ASSIGNED TASK: Once the line containing "Kim Jong-Un har" is reached, copy it and every line after it exactly, to the end of the material, without pictures.

PROVIDED DATA:
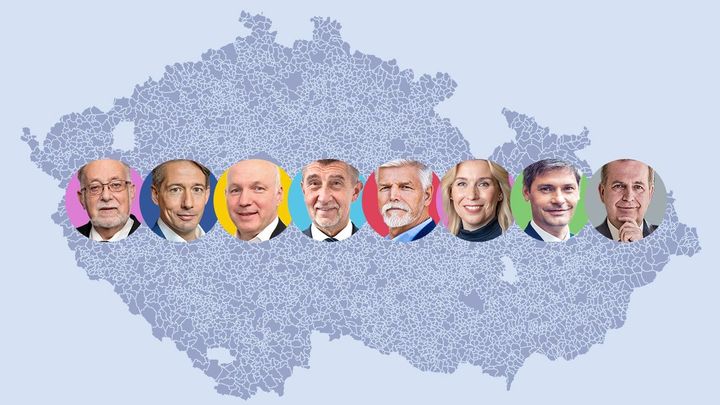 Sledujte, jak se barví mapa Česka. Průběžné výsledky šesti tisíc obcí na jednom místě; Zdroj foto: Aktuálně.cz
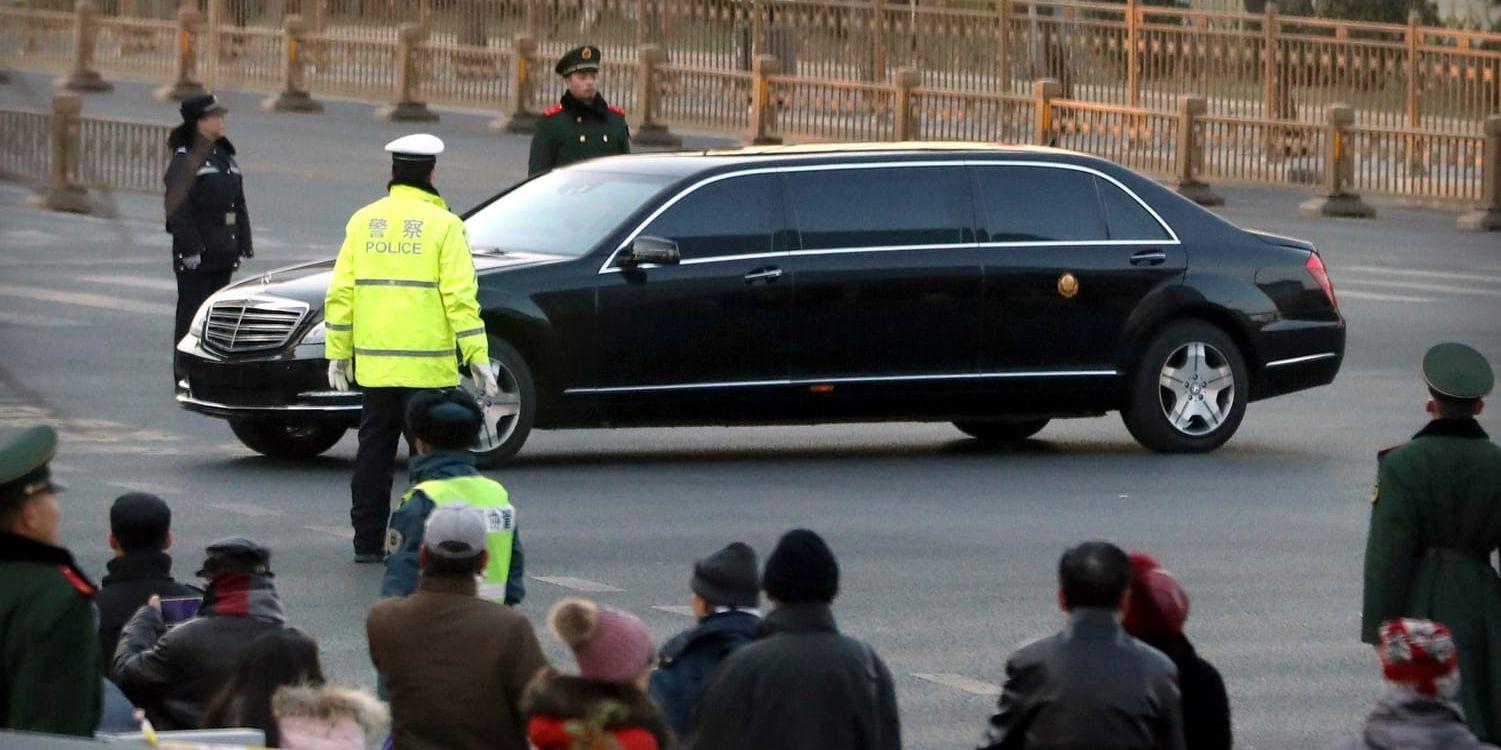 Kim Jong-Un har lämnat Kina under lika stort hemlighetsmakeri som när han anlände under tisdagen.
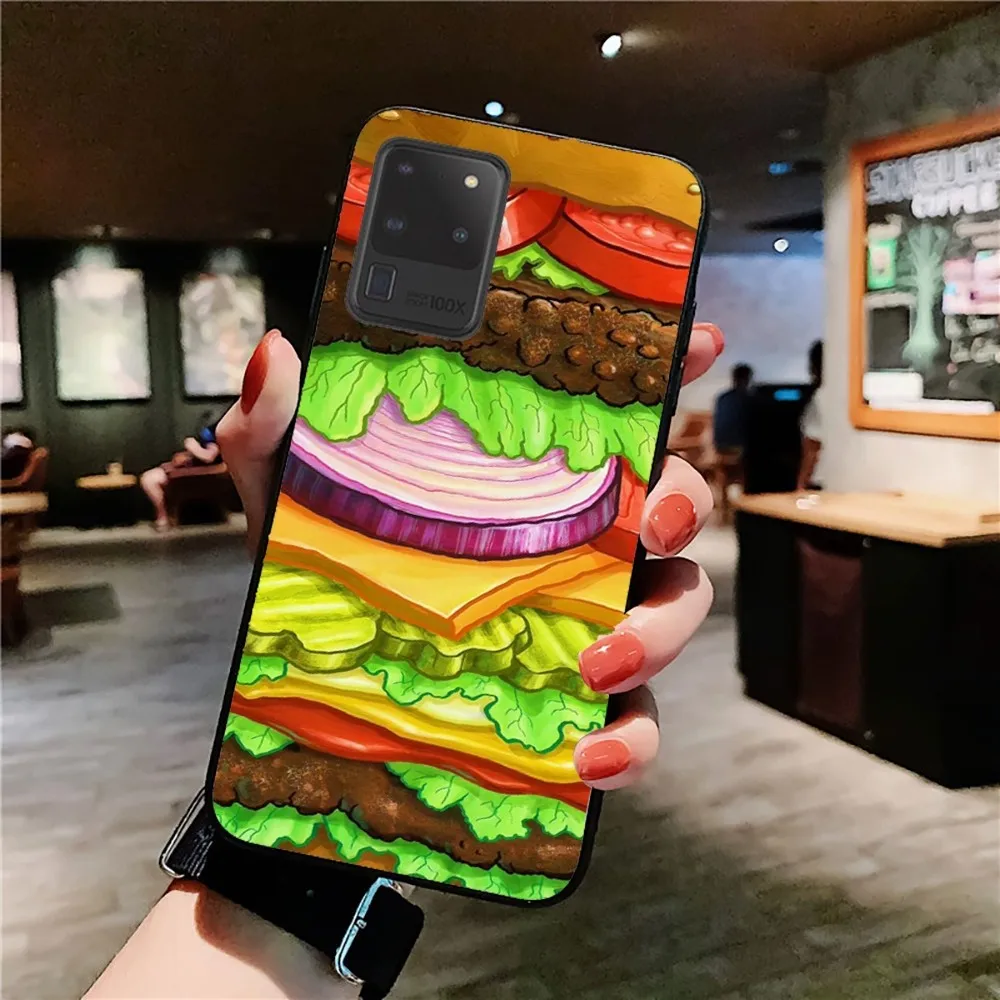 Food Hamburger Pizza Bread Phone Case For Samsung S 9 10 20 21 22 23 30 23 24 Plus Lite Ultra FE S10lite Fundas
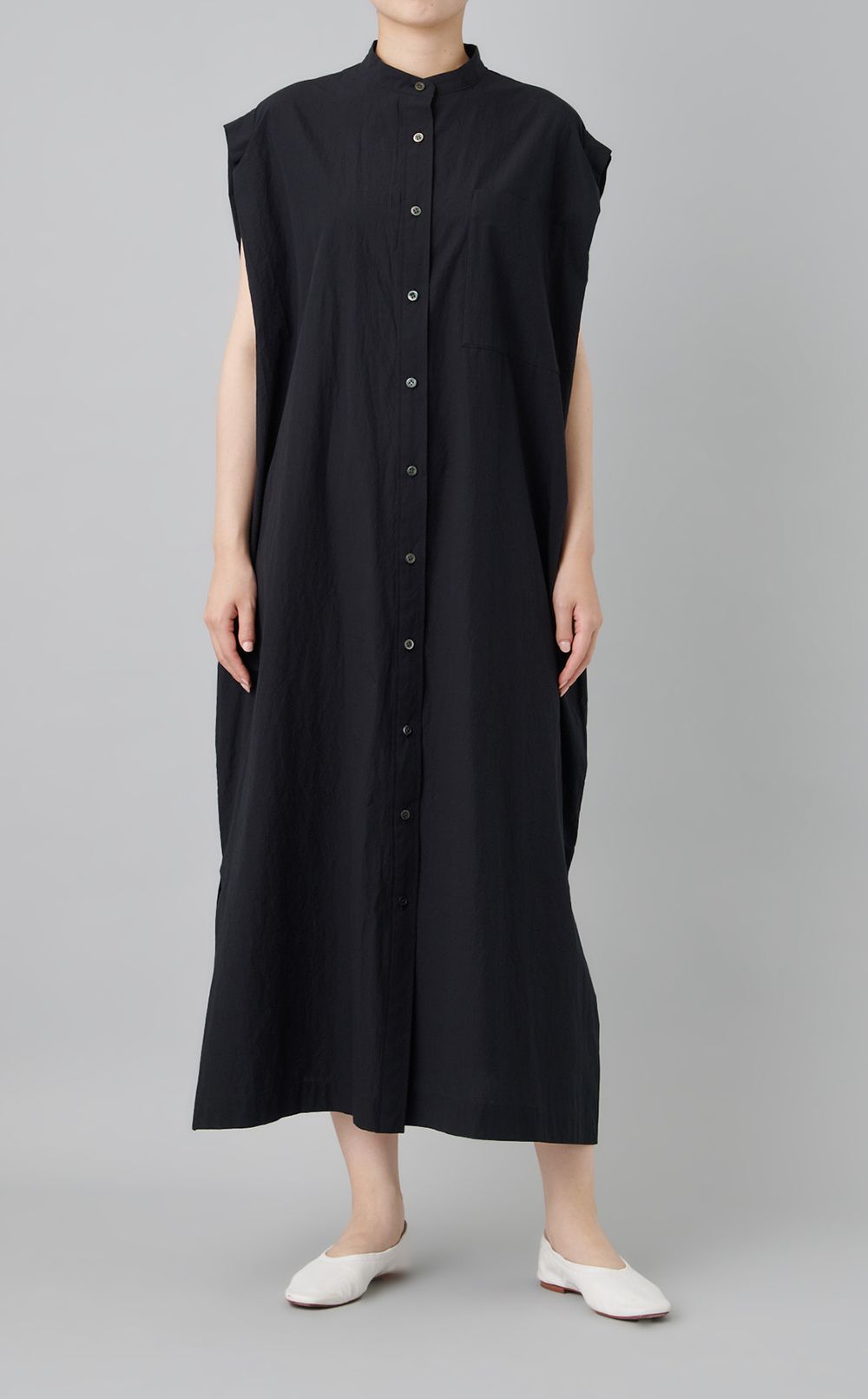 コットンオーバーサイズシャツワンピース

FINAL ANSWER:
 Kim Jong-Un har lämnat Kina under lika stort hemlighetsmakeri som när han anlände under tisdagen.
 Food Hamburger Pizza Bread Phone Case For Samsung S 9 10 20 21 22 23 30 23 24 Plus Lite Ultra FE S10lite Fundas
 コットンオーバーサイズシャツワンピース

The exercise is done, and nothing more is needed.